_WHAT THE TASK REQUIRES_
Start at the first line of the material below and retype each line through the one containing "Sofija Regular font glyphpreview", exactly.
++++
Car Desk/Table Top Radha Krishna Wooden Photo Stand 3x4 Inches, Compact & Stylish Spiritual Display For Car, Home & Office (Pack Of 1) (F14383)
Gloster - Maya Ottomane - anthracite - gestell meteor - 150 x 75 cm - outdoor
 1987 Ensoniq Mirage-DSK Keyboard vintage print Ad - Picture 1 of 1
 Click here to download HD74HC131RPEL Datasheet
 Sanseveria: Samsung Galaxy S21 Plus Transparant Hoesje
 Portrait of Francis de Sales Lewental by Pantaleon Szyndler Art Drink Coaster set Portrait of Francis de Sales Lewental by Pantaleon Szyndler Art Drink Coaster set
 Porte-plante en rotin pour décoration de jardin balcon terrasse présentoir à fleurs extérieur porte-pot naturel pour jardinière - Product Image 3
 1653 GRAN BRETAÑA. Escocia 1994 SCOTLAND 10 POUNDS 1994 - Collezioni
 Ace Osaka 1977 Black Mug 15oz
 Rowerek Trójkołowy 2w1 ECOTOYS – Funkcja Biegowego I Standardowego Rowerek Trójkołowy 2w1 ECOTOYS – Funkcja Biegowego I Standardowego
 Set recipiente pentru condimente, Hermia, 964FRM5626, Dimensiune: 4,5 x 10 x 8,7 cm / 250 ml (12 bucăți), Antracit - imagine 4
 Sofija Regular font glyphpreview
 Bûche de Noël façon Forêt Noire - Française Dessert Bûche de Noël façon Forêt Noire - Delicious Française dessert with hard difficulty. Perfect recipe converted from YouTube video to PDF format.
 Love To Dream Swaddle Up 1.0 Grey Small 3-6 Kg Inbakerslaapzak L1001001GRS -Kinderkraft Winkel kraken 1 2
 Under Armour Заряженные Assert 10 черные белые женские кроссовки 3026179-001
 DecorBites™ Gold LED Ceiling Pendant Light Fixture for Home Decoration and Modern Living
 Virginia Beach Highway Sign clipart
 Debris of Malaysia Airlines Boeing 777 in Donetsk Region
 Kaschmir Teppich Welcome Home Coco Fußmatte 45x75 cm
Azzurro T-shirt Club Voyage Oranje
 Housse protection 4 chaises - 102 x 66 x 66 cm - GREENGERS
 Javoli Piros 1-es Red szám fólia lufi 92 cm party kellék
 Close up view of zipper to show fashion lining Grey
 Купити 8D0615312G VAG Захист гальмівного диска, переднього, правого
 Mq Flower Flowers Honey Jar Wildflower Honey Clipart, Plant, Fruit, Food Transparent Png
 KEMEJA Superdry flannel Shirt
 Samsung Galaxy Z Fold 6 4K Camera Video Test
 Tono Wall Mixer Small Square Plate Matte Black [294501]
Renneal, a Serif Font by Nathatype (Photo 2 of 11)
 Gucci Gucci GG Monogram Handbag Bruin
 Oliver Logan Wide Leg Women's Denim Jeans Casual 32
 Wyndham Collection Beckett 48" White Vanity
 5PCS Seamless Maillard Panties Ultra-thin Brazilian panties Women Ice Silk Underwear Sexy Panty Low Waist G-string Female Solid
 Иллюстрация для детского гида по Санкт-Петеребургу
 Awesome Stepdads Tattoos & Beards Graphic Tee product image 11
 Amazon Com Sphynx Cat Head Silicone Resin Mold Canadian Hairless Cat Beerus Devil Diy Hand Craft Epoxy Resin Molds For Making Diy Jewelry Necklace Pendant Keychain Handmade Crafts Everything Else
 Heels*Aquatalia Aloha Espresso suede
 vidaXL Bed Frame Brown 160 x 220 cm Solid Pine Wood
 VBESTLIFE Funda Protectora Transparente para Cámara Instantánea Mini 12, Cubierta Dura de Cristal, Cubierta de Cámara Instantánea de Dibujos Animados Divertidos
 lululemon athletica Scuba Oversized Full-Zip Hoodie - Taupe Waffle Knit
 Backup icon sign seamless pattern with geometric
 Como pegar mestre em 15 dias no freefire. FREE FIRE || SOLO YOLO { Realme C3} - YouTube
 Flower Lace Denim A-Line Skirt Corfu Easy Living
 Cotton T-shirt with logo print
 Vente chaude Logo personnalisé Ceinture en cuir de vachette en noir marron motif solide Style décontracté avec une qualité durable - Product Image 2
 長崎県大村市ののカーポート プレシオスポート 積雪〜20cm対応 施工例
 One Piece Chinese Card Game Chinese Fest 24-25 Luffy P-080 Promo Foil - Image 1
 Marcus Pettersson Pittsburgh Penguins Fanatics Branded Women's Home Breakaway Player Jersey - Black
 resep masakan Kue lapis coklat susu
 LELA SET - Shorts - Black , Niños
++++
_SOLVED EXERCISE_
Car Desk/Table Top Radha Krishna Wooden Photo Stand 3x4 Inches, Compact & Stylish Spiritual Display For Car, Home & Office (Pack Of 1) (F14383)
Gloster - Maya Ottomane - anthracite - gestell meteor - 150 x 75 cm - outdoor
 1987 Ensoniq Mirage-DSK Keyboard vintage print Ad - Picture 1 of 1
 Click here to download HD74HC131RPEL Datasheet
 Sanseveria: Samsung Galaxy S21 Plus Transparant Hoesje
 Portrait of Francis de Sales Lewental by Pantaleon Szyndler Art Drink Coaster set Portrait of Francis de Sales Lewental by Pantaleon Szyndler Art Drink Coaster set
 Porte-plante en rotin pour décoration de jardin balcon terrasse présentoir à fleurs extérieur porte-pot naturel pour jardinière - Product Image 3
 1653 GRAN BRETAÑA. Escocia 1994 SCOTLAND 10 POUNDS 1994 - Collezioni
 Ace Osaka 1977 Black Mug 15oz
 Rowerek Trójkołowy 2w1 ECOTOYS – Funkcja Biegowego I Standardowego Rowerek Trójkołowy 2w1 ECOTOYS – Funkcja Biegowego I Standardowego
 Set recipiente pentru condimente, Hermia, 964FRM5626, Dimensiune: 4,5 x 10 x 8,7 cm / 250 ml (12 bucăți), Antracit - imagine 4
 Sofija Regular font glyphpreview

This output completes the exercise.